To do: Give back each line of the data exactly as it reads, minus the pictures.

Source material:

• • • • •

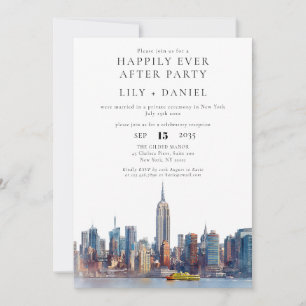 Convites Felicidade Eterna Casamento em Nova York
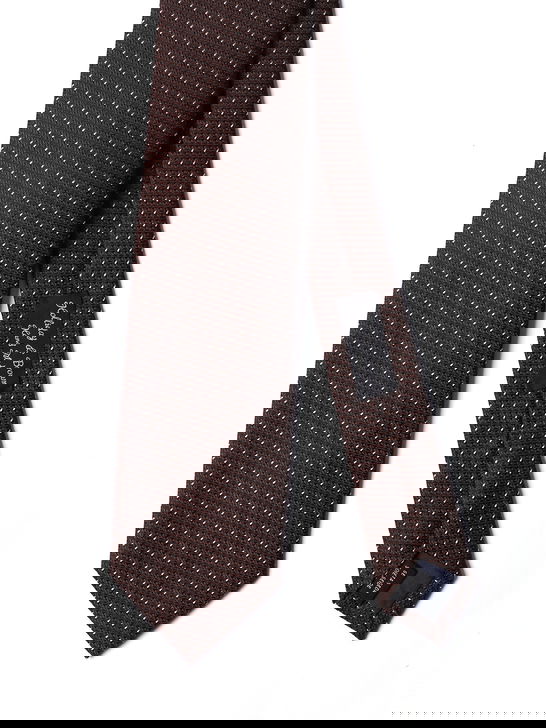 Holliday u0026 Brown Cravatta Holliday & Brown Jacquard Marrone Vendite stagionali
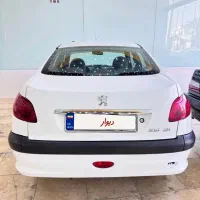 پژو ۲۰۶ sd مدل ۱۳۹۶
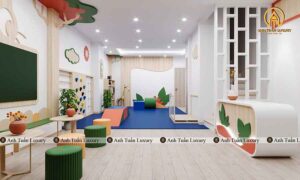 concept trường mầm non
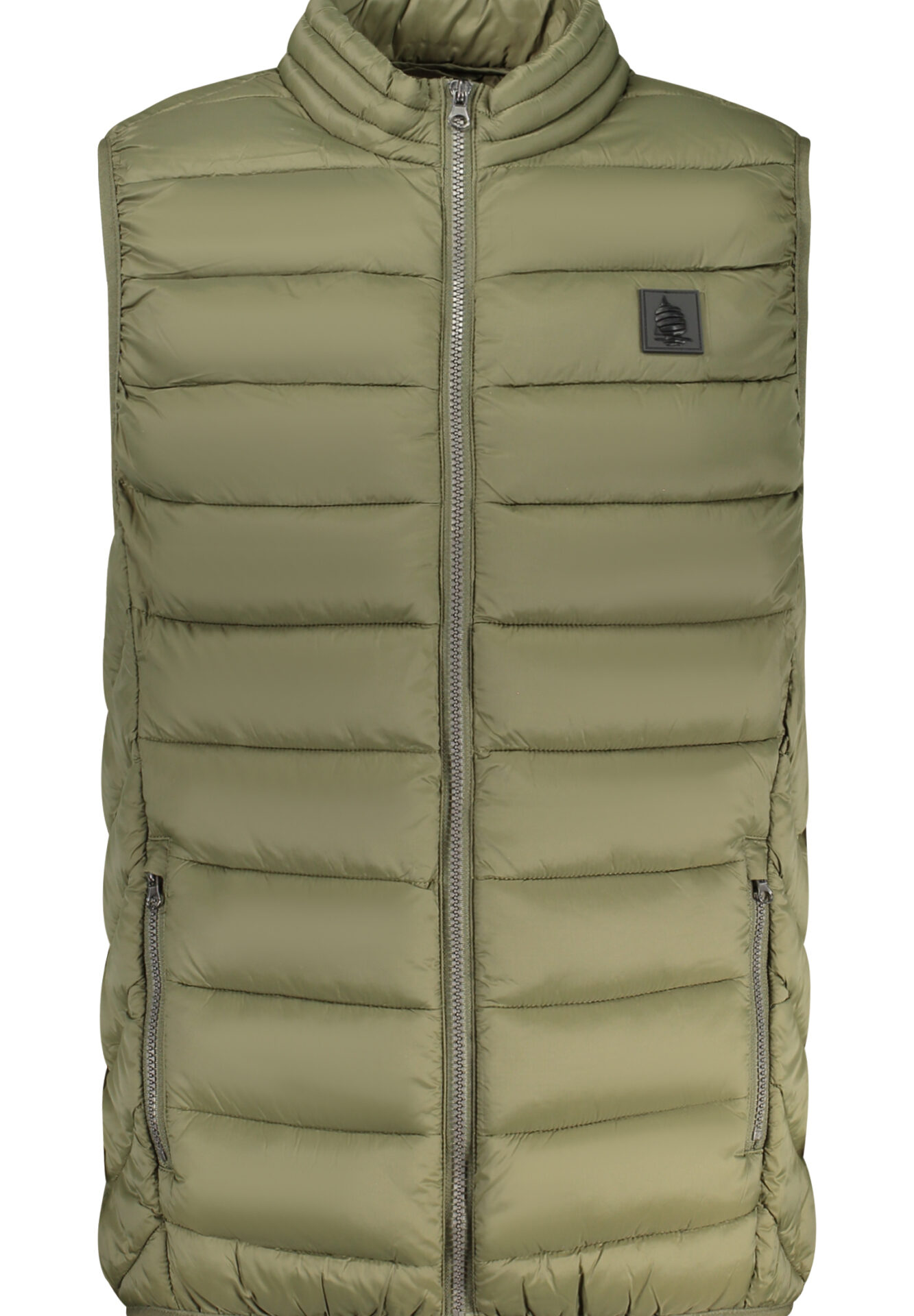 MARINA YACHTING MEN'S GREEN SLEEVELESS JACKET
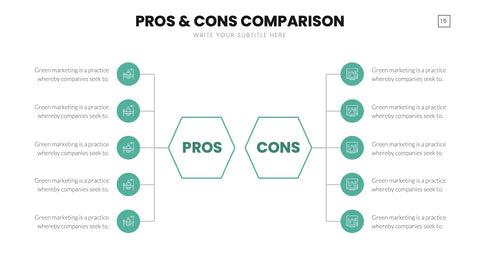 Comparison Infographics for Side-by-Side Analysis
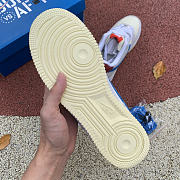 Nike Air Force 1 Low SP Undefeated 5 On It Dunk vs. AF1 DM8461-001 - 2
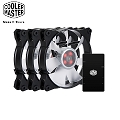 Cooler Master MasterFan Pro 120 Air Flow RGB 3合1組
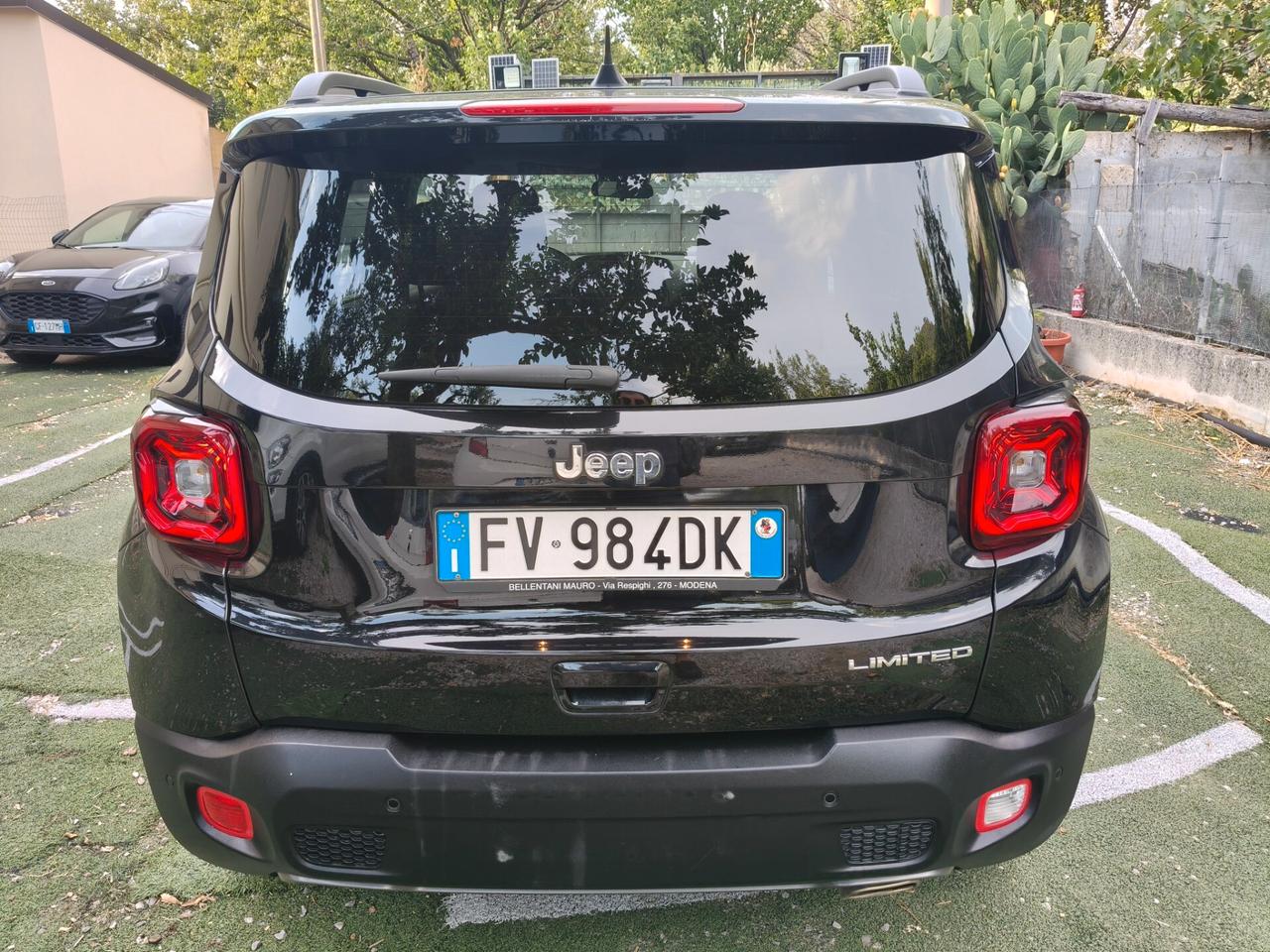 JEEP RENEGADE BENZINA KM 72 LIMITED RESTYLING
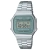 Relógio Casio Vintage Illuminator Prata A168WA-3AYDF
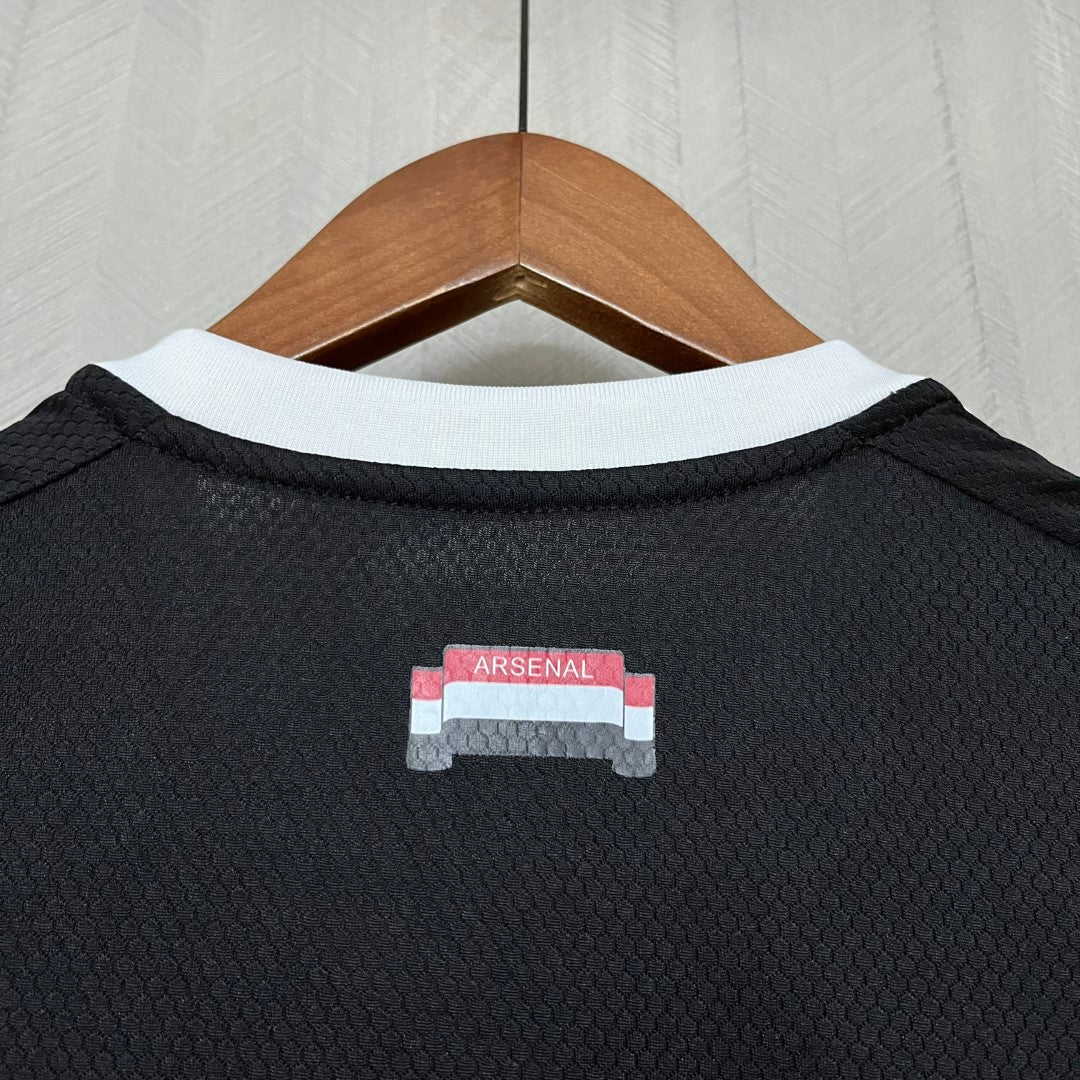 2024 25 Arsenal Black Jersey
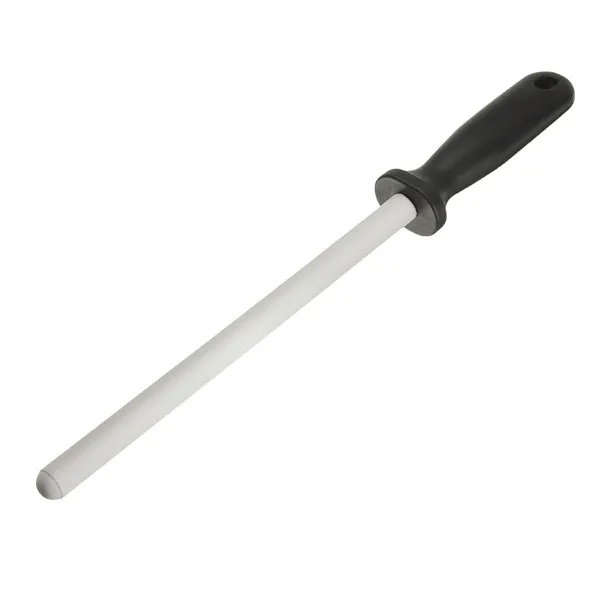 

2016 Fantastic Aluminium Oxide Rod Knife Sharpener with ABS Handle Sharpening for Chefs Steel Knives Kitchen Assistant Helper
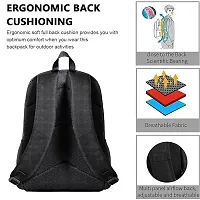 Kpop Printed Backpack for College girls, women Office bagpack, Kpop School Backpack, Kpop Girls Casual Backpack (W7 Black)-thumb4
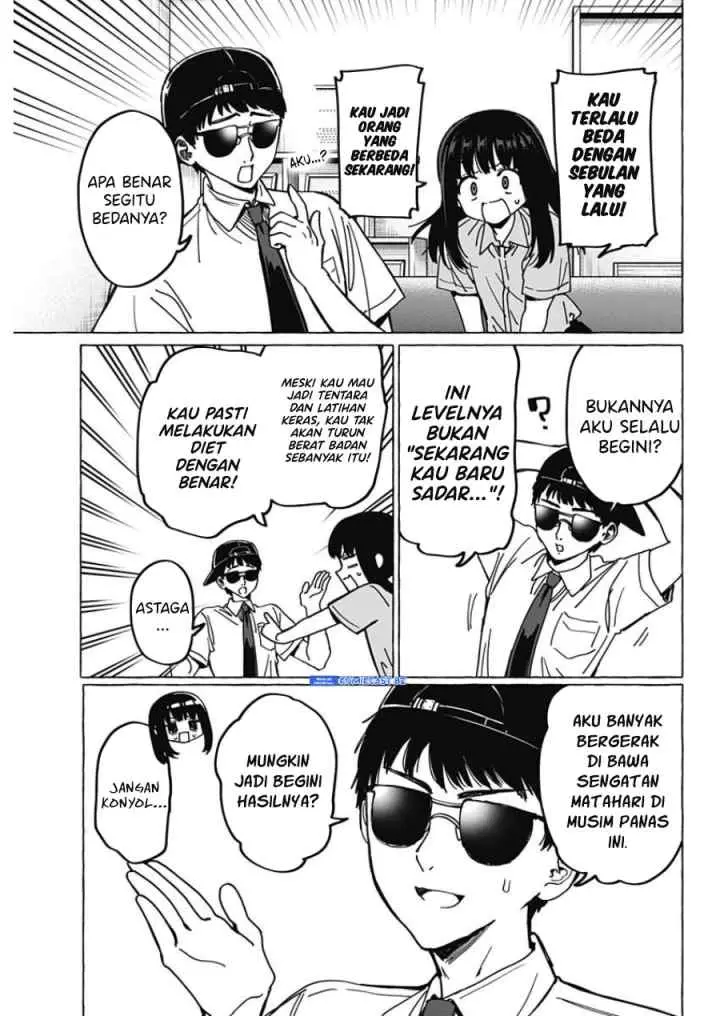 Dioti Manual: Kamisama-tachi no Renai Daikou chapter 30 halaman 4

• • • • •

Solution to this problem:
 Convites Felicidade Eterna Casamento em Nova York
 Holliday u0026 Brown Cravatta Holliday & Brown Jacquard Marrone Vendite stagionali
 پژو ۲۰۶ sd مدل ۱۳۹۶
 concept trường mầm non
 MARINA YACHTING MEN'S GREEN SLEEVELESS JACKET
 Comparison Infographics for Side-by-Side Analysis
 Nike Air Force 1 Low SP Undefeated 5 On It Dunk vs. AF1 DM8461-001 - 2
 Cooler Master MasterFan Pro 120 Air Flow RGB 3合1組
 JEEP RENEGADE BENZINA KM 72 LIMITED RESTYLING
 Relógio Casio Vintage Illuminator Prata A168WA-3AYDF
 2024 25 Arsenal Black Jersey

2016 Fantastic Aluminium Oxide Rod Knife Sharpener with ABS Handle Sharpening for Chefs Steel Knives Kitchen Assistant Helper
 Kpop Printed Backpack for College girls, women Office bagpack, Kpop School Backpack, Kpop Girls Casual Backpack (W7 Black)-thumb4
 Dioti Manual: Kamisama-tachi no Renai Daikou chapter 30 halaman 4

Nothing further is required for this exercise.